Oil rebounded from its biggest decline in more than three weeks amid speculation that economic data from Japan and the U.S. signal increasing demand for fuel.
Crude rose as much as 1.1 percent, following a 3.3 percent drop on Nov. 12, after reports showed gross domestic product in Japan grew more than forecast in the third quarter and U.S. retail sales climbed more than forecast in October.
“Stronger-than-expected GDP data out of Japan is supporting the outlook for oil demand this morning, helping the market recover from the carnage at the end of last week,” said Robert Montefusco, senior broker with Sucden Financial in London.
Oil for December delivery rose as much as 89 cents to $85.77 a barrel on the New York Mercantile Exchange and was at $85.43 at 1:38 p.m. London time. Brent crude for December settlement was up 73 cents at $87.07 on the ICE Futures Europe exchange in London. The December Brent contract expires today. The more actively traded January future was up 62 cents at $87.15 a barrel.
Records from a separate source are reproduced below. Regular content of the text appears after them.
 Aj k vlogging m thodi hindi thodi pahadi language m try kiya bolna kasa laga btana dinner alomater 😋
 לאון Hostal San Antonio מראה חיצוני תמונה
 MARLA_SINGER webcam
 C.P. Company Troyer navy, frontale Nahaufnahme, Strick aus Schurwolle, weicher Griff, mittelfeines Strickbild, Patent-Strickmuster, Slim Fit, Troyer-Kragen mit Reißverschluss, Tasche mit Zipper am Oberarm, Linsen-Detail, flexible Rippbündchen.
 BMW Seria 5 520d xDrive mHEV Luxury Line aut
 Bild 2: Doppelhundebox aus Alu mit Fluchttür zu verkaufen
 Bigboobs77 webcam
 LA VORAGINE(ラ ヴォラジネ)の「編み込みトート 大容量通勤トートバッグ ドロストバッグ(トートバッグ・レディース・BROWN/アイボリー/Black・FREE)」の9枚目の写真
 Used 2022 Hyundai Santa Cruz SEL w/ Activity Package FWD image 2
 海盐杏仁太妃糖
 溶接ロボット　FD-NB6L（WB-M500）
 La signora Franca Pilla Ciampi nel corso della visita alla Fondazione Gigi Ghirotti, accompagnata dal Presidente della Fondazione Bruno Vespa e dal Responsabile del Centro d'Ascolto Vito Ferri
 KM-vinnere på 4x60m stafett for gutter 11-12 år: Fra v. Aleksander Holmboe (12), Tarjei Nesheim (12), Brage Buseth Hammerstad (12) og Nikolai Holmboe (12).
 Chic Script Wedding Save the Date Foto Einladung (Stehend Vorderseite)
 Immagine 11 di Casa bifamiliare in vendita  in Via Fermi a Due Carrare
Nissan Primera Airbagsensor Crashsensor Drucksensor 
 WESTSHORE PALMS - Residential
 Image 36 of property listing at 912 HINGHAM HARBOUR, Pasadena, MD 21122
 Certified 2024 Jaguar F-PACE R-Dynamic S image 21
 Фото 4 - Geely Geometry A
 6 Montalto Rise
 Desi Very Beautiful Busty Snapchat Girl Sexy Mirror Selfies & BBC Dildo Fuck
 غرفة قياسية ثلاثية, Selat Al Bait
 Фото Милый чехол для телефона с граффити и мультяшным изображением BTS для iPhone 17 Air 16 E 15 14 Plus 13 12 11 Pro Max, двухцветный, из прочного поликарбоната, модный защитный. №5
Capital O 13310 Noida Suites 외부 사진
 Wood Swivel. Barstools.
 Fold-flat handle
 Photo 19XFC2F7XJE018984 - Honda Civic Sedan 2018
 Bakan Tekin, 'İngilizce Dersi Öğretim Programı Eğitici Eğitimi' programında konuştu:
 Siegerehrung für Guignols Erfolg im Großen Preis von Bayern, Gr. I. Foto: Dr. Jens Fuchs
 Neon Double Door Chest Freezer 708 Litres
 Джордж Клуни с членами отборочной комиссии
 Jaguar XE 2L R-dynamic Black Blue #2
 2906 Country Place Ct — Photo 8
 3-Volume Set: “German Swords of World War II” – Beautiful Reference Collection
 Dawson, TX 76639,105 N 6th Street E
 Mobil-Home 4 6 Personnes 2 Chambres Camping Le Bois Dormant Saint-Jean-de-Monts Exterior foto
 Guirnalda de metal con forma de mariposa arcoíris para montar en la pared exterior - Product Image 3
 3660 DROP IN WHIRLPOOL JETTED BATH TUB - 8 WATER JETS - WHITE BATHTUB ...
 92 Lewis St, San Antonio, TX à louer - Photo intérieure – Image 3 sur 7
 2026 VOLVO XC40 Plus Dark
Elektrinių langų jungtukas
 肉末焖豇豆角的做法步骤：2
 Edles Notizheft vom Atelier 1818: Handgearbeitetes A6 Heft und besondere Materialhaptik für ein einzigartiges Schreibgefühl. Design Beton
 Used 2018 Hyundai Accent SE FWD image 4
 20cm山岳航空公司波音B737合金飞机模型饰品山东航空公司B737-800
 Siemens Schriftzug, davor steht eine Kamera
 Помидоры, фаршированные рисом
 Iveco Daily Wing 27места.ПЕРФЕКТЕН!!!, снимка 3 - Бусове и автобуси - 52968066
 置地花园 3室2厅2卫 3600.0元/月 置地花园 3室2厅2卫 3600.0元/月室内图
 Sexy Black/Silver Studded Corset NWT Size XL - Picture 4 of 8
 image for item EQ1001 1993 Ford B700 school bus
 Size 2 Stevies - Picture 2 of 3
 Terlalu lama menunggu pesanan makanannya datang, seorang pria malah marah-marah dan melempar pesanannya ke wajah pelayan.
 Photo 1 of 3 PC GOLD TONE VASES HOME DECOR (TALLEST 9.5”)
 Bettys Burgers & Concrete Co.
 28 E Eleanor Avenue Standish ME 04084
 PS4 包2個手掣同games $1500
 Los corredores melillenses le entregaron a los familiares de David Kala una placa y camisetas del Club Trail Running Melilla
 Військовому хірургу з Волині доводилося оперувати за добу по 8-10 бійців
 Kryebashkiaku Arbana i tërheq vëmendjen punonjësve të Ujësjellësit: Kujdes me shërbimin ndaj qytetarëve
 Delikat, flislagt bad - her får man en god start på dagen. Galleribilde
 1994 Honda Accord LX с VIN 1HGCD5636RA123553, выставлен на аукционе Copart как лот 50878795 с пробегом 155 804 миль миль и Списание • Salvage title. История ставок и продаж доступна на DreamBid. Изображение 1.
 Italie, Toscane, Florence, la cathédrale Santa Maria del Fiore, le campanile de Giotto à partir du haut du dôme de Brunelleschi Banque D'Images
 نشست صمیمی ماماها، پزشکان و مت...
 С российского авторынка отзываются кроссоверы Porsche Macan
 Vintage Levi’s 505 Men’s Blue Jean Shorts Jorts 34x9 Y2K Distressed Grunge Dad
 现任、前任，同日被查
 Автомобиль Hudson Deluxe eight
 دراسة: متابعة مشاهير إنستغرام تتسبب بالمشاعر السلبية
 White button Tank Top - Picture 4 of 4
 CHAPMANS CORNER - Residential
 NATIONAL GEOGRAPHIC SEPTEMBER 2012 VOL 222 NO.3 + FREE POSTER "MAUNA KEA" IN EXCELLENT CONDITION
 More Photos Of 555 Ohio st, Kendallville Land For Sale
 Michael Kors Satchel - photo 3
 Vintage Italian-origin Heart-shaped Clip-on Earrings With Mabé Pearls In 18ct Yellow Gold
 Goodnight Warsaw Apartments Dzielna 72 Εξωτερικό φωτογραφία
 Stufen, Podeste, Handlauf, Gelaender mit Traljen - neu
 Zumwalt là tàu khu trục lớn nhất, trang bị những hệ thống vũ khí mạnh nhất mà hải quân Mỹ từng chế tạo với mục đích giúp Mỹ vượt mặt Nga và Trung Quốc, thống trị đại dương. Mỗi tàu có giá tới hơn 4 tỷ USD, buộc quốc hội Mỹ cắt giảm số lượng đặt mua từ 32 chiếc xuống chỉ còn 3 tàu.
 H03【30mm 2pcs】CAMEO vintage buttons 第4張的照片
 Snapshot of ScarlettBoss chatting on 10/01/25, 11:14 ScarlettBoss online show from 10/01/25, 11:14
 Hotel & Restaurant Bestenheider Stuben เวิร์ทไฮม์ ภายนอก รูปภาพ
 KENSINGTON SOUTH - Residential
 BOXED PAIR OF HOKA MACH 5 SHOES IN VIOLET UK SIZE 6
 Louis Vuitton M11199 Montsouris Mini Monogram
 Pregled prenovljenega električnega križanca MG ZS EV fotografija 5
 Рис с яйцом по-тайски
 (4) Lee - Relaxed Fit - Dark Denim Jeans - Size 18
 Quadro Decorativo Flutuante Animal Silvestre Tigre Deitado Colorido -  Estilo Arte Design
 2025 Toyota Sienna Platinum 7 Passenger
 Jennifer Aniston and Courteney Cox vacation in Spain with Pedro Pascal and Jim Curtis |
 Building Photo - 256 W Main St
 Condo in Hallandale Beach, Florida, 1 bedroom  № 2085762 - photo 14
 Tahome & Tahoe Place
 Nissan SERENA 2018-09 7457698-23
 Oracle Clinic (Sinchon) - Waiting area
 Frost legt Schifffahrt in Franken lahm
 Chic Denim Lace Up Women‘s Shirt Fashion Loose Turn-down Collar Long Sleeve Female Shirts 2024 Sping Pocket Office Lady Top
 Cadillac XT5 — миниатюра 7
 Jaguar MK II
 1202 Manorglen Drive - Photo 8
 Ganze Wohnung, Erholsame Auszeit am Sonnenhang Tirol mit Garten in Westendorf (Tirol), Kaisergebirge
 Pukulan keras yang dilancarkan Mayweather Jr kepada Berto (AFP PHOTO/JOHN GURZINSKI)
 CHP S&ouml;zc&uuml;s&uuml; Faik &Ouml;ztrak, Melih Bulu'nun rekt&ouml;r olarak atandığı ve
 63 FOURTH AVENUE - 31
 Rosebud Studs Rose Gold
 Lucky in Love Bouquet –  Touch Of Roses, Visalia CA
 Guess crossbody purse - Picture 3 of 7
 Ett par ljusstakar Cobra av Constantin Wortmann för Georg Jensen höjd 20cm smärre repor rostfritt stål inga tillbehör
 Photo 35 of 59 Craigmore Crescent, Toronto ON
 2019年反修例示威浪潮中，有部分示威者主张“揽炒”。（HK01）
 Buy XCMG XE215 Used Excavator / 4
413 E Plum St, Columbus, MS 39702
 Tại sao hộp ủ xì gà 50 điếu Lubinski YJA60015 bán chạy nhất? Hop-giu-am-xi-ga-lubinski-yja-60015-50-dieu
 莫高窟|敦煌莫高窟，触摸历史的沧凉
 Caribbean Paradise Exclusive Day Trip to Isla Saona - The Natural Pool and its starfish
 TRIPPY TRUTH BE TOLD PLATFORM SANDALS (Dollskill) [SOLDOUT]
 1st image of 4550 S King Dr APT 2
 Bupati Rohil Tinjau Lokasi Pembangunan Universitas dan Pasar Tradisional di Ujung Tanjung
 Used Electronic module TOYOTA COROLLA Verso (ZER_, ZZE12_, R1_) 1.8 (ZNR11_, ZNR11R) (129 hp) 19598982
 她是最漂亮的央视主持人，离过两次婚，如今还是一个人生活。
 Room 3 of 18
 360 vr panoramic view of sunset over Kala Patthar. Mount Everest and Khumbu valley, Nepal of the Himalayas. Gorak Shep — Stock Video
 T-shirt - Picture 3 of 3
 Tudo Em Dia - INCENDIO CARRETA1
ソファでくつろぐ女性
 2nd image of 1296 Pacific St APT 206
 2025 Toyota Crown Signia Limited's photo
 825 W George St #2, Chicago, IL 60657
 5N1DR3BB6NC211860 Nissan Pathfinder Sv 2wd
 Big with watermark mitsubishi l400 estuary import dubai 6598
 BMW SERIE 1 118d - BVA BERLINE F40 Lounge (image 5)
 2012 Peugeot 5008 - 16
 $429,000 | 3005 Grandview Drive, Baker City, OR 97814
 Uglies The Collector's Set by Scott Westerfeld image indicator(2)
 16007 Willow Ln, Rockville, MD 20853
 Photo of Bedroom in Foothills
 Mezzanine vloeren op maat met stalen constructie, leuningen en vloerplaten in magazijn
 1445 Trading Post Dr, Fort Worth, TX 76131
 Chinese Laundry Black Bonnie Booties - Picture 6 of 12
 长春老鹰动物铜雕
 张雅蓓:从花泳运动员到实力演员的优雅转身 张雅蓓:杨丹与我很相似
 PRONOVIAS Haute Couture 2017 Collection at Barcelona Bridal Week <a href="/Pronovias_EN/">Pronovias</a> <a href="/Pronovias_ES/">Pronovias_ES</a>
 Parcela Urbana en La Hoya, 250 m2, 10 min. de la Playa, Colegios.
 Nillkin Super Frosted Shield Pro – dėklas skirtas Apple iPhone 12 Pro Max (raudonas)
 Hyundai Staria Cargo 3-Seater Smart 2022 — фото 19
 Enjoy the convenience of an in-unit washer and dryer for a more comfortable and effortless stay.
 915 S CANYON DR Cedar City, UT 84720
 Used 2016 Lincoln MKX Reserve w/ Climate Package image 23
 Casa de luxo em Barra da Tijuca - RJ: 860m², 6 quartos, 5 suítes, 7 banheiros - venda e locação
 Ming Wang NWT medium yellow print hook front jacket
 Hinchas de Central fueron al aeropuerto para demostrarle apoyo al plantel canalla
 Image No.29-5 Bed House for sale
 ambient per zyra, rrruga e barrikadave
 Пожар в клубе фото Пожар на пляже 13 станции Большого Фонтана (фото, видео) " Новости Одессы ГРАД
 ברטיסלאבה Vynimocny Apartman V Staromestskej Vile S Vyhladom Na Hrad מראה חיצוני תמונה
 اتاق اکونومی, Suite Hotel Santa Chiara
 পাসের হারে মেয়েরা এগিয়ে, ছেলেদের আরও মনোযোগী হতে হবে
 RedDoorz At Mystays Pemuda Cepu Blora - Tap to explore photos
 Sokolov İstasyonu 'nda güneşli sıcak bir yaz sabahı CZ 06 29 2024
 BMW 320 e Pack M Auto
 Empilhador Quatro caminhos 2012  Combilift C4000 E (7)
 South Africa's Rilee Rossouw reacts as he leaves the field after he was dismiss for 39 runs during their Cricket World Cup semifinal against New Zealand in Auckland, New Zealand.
Japan’s economy increased an annualized 3.9 percent in the three months ended Sept. 30, the Cabinet Office said in Tokyo today. The median forecast of 21 economists surveyed by Bloomberg News was for a 2.5 percent gain. Japan is the world’s third-largest oil consumer, after the U.S. and China.
“It gives further evidence of that Asian recovery,” said Ben Westmore, a minerals and energy economist at National Australia Bank Ltd. in Melbourne. “You’ve seen the recovery in China and the positive spill-over effects for those economies in the Asian region. Up until now, you haven’t really seen it as much in Japan.”
U.S. Retail Sales
U.S. retail sales rose 1.2 percent in October, the biggest gain since March, following a 0.7 percent September increase that was larger than previously estimated, Commerce Department figures showed today. The median estimate of 74 economists surveyed by Bloomberg News projected a 0.7 percent advance.
Oil dropped 2.3 percent last week on speculation China will raise interest rates, damping growth in the world’s biggest energy consumer. Such steps to cool the economy may damp fuel prices, according to John Vautrain, a senior vice president at energy consultants Purvin & Gertz Inc. in Singapore.
“The Chinese government is interested in tapering the economy a bit,” he said.
Chinese demand for fuel has surged this year. Oil processing rose to a record last month after refiners increased production to ease a domestic fuel shortage. Plants refined 37 million metric tons, or about 8.8 million barrels a day, in October, up 12 percent from a year earlier, China Mainland Marketing Research Co. said Nov. 11.